I ricercatori del MIT hanno sviluppato una tecnica che consente di alterare gli oggetti stampati in 3D.

Il metodo comporta l’uso della luce per adattare la struttura chimica di un materiale stampato in 3D.

Questo consente la creazione di oggetti più complessi che possono essere stampati insieme, ammorbiditi o ingrandita.

In un documento pubblicato di recente ha come argomento la produzione additiva “vivente”: “Living Additive Manufacturing: Transformation of Parent Gels into Diversely Functionalized Daughter Gels Made Possible by Visible Light Photoredox Catalysis“.

Gli autori sono Mao Chen, Yuwei Gu, Awaneesh Singh, Mingjiang Zhong, Alex M. Jordan, Santidan Biswas, LaShanda T. J. Korley, Anna C. Balazs, and Jeremiah A. Johnson e il documento è disponibile sull’ACS Central Science Journal.

Nella stampa 3D tradizionale una volta stampati i polimeri plastici sono fissati in forma e struttura. Non sono cioè in grado di essere manipolati come invece possono le strutture viventi.
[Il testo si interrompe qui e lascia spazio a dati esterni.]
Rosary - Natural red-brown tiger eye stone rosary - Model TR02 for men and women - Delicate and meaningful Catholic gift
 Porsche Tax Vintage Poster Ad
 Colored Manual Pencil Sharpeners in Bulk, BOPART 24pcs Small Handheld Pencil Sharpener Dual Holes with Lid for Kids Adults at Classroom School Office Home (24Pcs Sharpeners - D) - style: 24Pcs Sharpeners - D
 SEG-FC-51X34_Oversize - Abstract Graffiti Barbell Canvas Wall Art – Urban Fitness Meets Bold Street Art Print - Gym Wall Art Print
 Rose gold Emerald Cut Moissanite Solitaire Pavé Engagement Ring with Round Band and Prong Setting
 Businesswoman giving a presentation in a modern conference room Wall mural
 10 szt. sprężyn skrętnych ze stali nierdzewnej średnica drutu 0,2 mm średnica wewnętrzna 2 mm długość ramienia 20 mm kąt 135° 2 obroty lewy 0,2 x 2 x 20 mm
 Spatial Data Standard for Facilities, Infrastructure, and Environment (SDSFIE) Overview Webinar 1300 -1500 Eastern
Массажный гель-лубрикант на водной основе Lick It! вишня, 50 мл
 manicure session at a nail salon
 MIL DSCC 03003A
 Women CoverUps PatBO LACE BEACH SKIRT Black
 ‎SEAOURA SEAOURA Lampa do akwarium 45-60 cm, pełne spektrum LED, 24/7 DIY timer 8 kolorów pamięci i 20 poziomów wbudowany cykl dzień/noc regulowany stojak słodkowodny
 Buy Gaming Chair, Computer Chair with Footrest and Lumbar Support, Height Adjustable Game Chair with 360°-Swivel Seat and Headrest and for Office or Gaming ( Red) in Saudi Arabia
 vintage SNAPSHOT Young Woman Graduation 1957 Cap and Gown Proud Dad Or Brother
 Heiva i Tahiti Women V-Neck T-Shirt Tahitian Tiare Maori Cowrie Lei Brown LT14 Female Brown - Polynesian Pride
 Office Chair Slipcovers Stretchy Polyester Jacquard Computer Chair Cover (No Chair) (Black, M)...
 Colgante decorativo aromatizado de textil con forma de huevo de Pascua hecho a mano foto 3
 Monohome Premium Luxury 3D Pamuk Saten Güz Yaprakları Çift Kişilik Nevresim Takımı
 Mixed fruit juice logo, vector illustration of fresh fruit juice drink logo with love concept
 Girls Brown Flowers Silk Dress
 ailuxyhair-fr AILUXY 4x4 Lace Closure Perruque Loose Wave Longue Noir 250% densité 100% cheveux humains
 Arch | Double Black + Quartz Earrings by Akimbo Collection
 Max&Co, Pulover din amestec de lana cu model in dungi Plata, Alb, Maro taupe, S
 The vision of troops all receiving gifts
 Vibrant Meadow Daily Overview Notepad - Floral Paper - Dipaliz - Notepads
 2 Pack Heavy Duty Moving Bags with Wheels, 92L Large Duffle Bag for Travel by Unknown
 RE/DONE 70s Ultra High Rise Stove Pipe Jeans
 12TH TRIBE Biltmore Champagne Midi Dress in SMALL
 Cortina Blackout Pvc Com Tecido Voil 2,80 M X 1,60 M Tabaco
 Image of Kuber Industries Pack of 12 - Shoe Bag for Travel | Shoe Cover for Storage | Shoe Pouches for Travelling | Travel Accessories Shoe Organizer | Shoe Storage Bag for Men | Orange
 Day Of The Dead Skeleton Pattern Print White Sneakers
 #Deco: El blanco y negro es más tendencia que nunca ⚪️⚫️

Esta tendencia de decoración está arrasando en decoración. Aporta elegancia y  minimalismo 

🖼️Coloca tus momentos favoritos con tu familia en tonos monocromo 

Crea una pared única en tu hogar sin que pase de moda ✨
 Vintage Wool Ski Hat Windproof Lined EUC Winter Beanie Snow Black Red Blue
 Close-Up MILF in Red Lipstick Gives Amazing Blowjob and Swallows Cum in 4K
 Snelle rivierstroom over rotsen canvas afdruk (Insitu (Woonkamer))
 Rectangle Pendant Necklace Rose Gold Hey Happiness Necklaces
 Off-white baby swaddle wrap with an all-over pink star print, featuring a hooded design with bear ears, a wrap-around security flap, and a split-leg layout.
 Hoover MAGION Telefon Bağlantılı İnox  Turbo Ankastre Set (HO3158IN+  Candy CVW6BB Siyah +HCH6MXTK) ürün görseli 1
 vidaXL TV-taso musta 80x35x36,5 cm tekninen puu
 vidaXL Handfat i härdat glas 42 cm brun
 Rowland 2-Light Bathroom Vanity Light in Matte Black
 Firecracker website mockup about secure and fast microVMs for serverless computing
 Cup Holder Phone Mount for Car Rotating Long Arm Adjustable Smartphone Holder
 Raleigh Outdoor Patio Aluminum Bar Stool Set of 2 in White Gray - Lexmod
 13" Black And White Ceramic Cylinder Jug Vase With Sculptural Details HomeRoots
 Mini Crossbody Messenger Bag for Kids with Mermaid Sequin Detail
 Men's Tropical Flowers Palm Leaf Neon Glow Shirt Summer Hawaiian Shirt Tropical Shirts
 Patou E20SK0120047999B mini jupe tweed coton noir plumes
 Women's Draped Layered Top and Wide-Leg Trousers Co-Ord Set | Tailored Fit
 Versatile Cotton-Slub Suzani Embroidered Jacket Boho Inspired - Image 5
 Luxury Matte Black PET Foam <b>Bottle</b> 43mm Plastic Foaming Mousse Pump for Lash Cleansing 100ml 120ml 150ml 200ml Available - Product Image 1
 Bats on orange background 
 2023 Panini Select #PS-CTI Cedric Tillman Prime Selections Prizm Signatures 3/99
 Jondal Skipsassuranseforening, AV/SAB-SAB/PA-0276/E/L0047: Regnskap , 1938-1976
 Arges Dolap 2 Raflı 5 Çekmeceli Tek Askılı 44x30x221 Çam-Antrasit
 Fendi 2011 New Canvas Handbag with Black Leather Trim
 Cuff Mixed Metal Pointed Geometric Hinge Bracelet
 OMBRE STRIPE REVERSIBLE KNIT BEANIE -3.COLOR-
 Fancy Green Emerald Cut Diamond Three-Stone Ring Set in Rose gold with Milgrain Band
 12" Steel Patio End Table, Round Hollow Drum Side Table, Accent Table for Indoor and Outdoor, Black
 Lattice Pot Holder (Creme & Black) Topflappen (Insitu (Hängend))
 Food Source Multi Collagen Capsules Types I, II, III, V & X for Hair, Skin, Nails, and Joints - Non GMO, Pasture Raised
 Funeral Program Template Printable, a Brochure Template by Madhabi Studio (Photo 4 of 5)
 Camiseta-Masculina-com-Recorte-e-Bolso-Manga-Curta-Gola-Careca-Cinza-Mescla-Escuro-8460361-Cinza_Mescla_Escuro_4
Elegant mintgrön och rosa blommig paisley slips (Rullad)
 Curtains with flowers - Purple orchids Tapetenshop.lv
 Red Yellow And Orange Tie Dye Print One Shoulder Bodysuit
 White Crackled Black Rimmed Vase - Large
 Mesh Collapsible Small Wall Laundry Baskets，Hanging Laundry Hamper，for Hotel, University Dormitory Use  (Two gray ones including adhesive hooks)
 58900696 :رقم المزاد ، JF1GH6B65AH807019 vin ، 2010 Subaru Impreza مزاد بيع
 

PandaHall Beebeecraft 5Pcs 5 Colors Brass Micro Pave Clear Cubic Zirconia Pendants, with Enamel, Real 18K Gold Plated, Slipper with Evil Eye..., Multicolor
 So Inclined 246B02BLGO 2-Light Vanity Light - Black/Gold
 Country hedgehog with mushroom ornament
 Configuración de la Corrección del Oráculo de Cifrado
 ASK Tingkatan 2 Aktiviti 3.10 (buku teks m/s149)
Il professore associato di Chimica del MIT, Jeremiah Johnson, dice che l’idea di fondo è che si potrebbe stampare un materiale e, successivamente, prendere quel materiale e, utilizzando la luce, cambiargli forma o farlo crescere ulteriormente.

Nello studio quando si fa riferimento all’oggetto modificato si parla di “figlia” e per l’originale di “genitore”.

Come in natura, il materiale di cui è costiuita la “figlia” è più morbido rispetto a quello del “genitore”, da cui eredita la termosensibilità e la reattività.

La tecnica di stampa 3D comporta l’aggiunta di monomeri che reagiscono alla luce. Il processo attualmente può avvenire solamente in assenza di ossigeno.

Recentemente i ricercatori del MIT hanno anche pubblicato uno studio relativamente alle proprietà del grafene come materiale più resistente stampabile in 3D.